Canadian National Railway (NYSE: CNI)

Canadian National Railway (NYSE: CNI)

Christian Tharp, CMT

Canadian National Railway Company (CNR) is engaged in the rail and related transportation business. The company manages its rail operations in Canada and the United States. The company's network of approximately 20,000 route miles spans Canada and mid-America, connecting three coasts: the Atlantic, the Pacific and the Gulf of Mexico. CNR's network, and its co-production agreements, routing protocols, marketing alliances and interline agreements, provide CNR customer's access to all three North American Free Trade Agreement nations.
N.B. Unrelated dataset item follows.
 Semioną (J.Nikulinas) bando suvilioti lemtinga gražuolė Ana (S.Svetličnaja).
In August 2011, the Company sold IC RailMarine Terminal Company to Raven Energy, LLC. In March 2011, Metrolinx acquired CNR's Kingston Subdivision rail line. Effective December 31, 2011, the company complete the merger of three of its the United States operating subsidiaries, which include Duluth, Missabe and Iron Range Railway Company, Duluth, Winnipeg and Pacific Railway Company, and Wisconsin Central Ltd.

To review Canadian National's stock, please take a look at the 1-year chart of CNI (Canadian National Railway Company) below with my added notations:

CNI has created a couple of important price levels to watch. First, CNI has formed a clear $80 (navy) level that spans the entire duration of this chart. That $80 level was the stock's 52-week high resistance before CNI broke above it. In addition, the stock has a previous, lower level of support (green) at $75. The stock currently appears to be pulling back to the breakout level of $80.

The Tale of the Tape: CNI has a key level to watch at $80. A long trade could be made on a pullback to that support with a stop placed under it. A break below $80 would be an opportunity to enter a short trade in expectation of a fall back down to $75 where another long position could be entered.

Before making any trading decision, decide which side of the trade you believe gives you the highest probability of success. Do you prefer the short side of the market, long side, or do you want to be in the market at all? If you haven't thought about it, review the overall indices themselves. For example, take a look at the S&P 500. Is it trending higher or lower? Has it recently broken through a key resistance or support level? Making these decisions ahead of time will help you decide which side of the trade you believe gives you the best opportunities.

No matter what your strategy or when you decide to enter, always remember to use protective stops and you'll be around for the next trade. Capital preservation is always key!